Kids READ Stems Summer Slide

Imagine growing from a kindergarten-level reader to the cusp of second-grade level in a matter of weeks. That’s the trajectory one young Venice boy is on thanks to Kids READ. And his is not an unusual success story for the intensive summer literacy program.

Child reading

Dominic was a reluctant reader when he started summer camp at the Boys & Girls Club in Venice last month. After just six weeks of lessons with Kids READ tutor Sarah Hill, he now reads “level 15” books (think late first-grade) cover to cover. “I’d love his kindergarten teacher from last year to see the progress he has made!” says Hill.

Dominic is one of eight Club members who meet Hill four days a week for 30 minutes of one-on-one tutoring during their camp day. Over seven weeks, each will receive about 14 hours of custom teaching from Hill, who is a Reading Recovery teacher at Taylor Ranch Elementary during the school year. With one week left, six of them have effectively advanced an entire grade-level in their reading!

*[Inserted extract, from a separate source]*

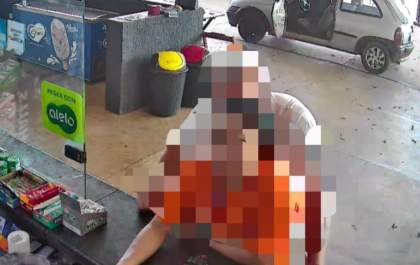 Polícia identifica suspeito de importunação sexual à frentista em posto de combustível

Kids READ is an offshoot of Reading Recovery in Sarasota County Schools—and could be considered an unsung hero of that incredibly successful initiative. Reading Recovery helps first-graders who struggle the most with reading and writing quickly catch up to their classmates. It was piloted and expanded through philanthropy, and now every elementary school in the Sarasota County School District has at least one Reading Recovery specialist.

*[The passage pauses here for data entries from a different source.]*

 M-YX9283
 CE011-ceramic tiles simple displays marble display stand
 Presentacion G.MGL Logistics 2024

Kids READ was developed four years ago by Gulf Coast Community Foundation in partnership with the Keith D. Monda family and Charles & Margery Barancik Foundation to build on Reading Recovery’s success and fill a gap in the summer months. While not a formal component of Reading Recovery, Kids READ uses many of the same techniques—as well as several Reading Recovery teachers, who receive stipends through Gulf Coast—to meet two objectives: ensure that children don’t suffer from “summer slide,” and prepare them to read at grade level (or better) when they return to school in August.

Kid READ also meets children where they are. While the similarly named Kids SWIM initiative offers vital water-safety lessons to second-grade classes during school hours, Kids READ puts tutors in the locations where kids spend their summer days.

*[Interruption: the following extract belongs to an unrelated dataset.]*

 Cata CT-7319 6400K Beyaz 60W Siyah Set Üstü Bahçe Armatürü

Reading Focused, Data Driven

This summer, there are seven tutors with Reading Recovery expertise providing Kids READ lessons to at least 56 summer campers at six sites across the county—the Fruitville, Newtown, North Sarasota, North Port, and Venice Boys & Girls Clubs as well as the RL Taylor Community Center. School district data identifies the children who would benefit most from the program, says Laurel Hinds, a Reading Recovery-trained intervention specialist at Wilkinson Elementary who serves as the Kids READ Coordinator.

With regard to preventing summer learning loss, “we’ve had 98% - 100% success each year since the program started,” says Hinds. But Kids READ doesn’t only prevent loss; it typically promotes gains. As many as 15 students who were expected to participate in Reading Recovery when they enter first grade in the fall won’t need a spot because of their summer progress! “It just sets these kids up for success in the school year,” says Hinds. 

It does so in part by transforming the relationship children have with books. “It really instills in the kiddos the love of reading,” she says. “They see that we don’t just read in school. They take home books—they’re building their own libraries.”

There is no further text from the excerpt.